## TASK STATEMENT
The lines in the listing below are to be given again exactly, starting at the line holding "配资网址 配资操作需谨慎：了解这些注意事项，助你规避风险、稳健投资" and ending at the line holding "4154 452nd Street". Do not include pictures.

## EXTRACTED INFORMATION
============================================================
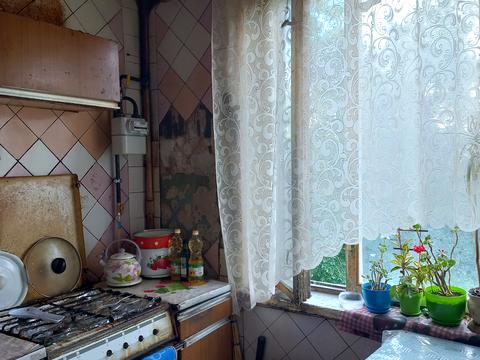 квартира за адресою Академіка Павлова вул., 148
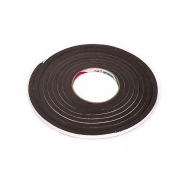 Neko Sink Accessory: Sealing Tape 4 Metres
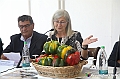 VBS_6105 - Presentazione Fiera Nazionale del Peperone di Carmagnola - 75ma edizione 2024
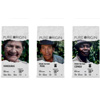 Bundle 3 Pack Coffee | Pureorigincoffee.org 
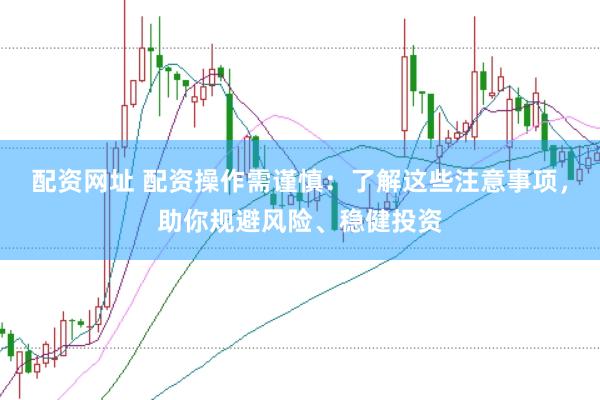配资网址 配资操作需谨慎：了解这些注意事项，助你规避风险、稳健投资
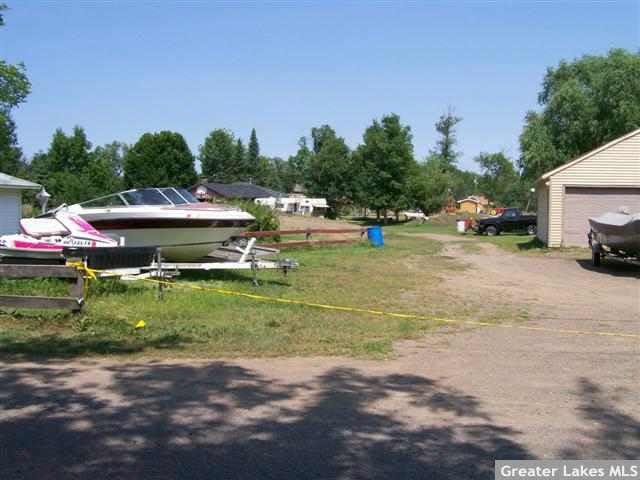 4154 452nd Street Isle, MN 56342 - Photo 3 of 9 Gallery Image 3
============================================================
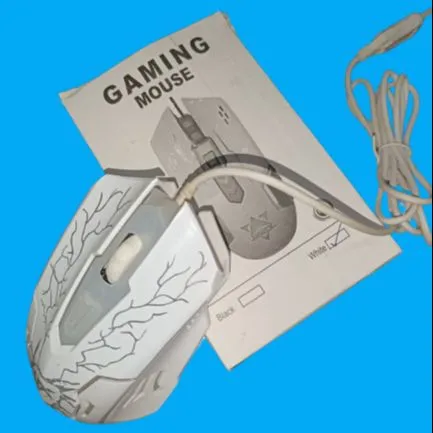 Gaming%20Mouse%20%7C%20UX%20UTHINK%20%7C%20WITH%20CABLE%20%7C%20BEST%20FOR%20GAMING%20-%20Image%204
============================================================
## EXERCISE OUTPUT
配资网址 配资操作需谨慎：了解这些注意事项，助你规避风险、稳健投资
 4154 452nd Street Isle, MN 56342 - Photo 3 of 9 Gallery Image 3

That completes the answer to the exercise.